Technical Analysis: Reentrancy Guards in ri_triggers.c

The Core Problem

This thread addresses a use-after-free vulnerability in PostgreSQL's referential integrity trigger system (ri_triggers.c) that manifests as a segmentation fault during cascading deletes on self-referential tables.

Architectural Context

PostgreSQL's foreign key enforcement is implemented via system-generated triggers in ri_triggers.c. When a row is deleted from a table with cascading foreign keys, RI_FKey_cascade_del fires to delete dependent rows. These triggers use SPI (Server Programming Interface) to execute internally-generated plans, which are cached in the plan cache for performance.

The Bug Mechanism

The crash requires a specific but realistic configuration:

1. Self-referential table: A table with a foreign key column referencing its own primary key (e.g., a tree/hierarchy structure like parent_id REFERENCES self(id)).
2. BEFORE DELETE trigger: A user-defined trigger that itself performs DELETE operations on the same table.

The sequence of events leading to the crash:

1. A DELETE is issued on the self-referential table.
2. The RI cascade trigger (RI_FKey_cascade_del) fires, acquiring a cached plan via SPI and beginning execution.
3. The cascade delete triggers the user's BEFORE DELETE trigger on a dependent row.
4. The BEFORE DELETE trigger deletes another row from the same table, causing reentrant invocation of RI_FKey_cascade_del.
5. During this reentrant execution, something causes ResetPlanCache() to be called (e.g., a catalog invalidation, DDL in a concurrent session, or the trigger's own actions).
6. The plan cache invalidation frees the plan that the outer (first) invocation of RI_FKey_cascade_del is still actively executing.
7. When control returns to the outer invocation, it attempts to continue executing a freed plan — resulting in a use-after-free and segfault in _SPI_execute_plan.

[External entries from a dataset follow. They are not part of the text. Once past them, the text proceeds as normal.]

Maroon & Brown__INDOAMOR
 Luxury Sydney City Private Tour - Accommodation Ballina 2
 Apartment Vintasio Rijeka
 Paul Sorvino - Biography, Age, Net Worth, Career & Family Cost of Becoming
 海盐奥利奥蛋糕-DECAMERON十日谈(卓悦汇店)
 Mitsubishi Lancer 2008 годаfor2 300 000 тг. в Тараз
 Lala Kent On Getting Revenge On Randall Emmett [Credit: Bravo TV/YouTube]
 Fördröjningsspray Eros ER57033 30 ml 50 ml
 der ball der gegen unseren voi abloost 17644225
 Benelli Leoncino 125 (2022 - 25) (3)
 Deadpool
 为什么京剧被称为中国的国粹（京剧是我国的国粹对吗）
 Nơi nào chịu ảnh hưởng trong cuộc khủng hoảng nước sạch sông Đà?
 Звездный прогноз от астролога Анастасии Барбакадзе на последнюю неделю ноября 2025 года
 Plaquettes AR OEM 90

Why This Matters Architecturally

This bug exposes a fundamental gap in the lifecycle management of RI trigger plans. The RI module maintains its own plan cache (via ri_PlanHashTable) separate from the general plan cache, but it lacks awareness of whether a plan is currently in-flight. The SPI layer expects plans to remain valid for the duration of execution, but the RI layer can free/replace plans underneath active execution frames during reentrancy.

Self-referential tables with cascading foreign keys are common in real-world schemas (organizational hierarchies, category trees, threaded comments), making this a practically exploitable crash scenario rather than a theoretical concern.

Proposed Solution

The patch introduces reentrancy guards — essentially a reference counting mechanism for RI plans that are currently being executed.

Design Approach

The solution maintains a reference count on each cached plan entry. The key invariant is:

• Before executing a plan: Increment the reference count.
• After execution completes: Decrement the reference count.
• When invalidation/reset occurs: Only free plans with a reference count of zero; plans with non-zero counts are marked for deferred cleanup.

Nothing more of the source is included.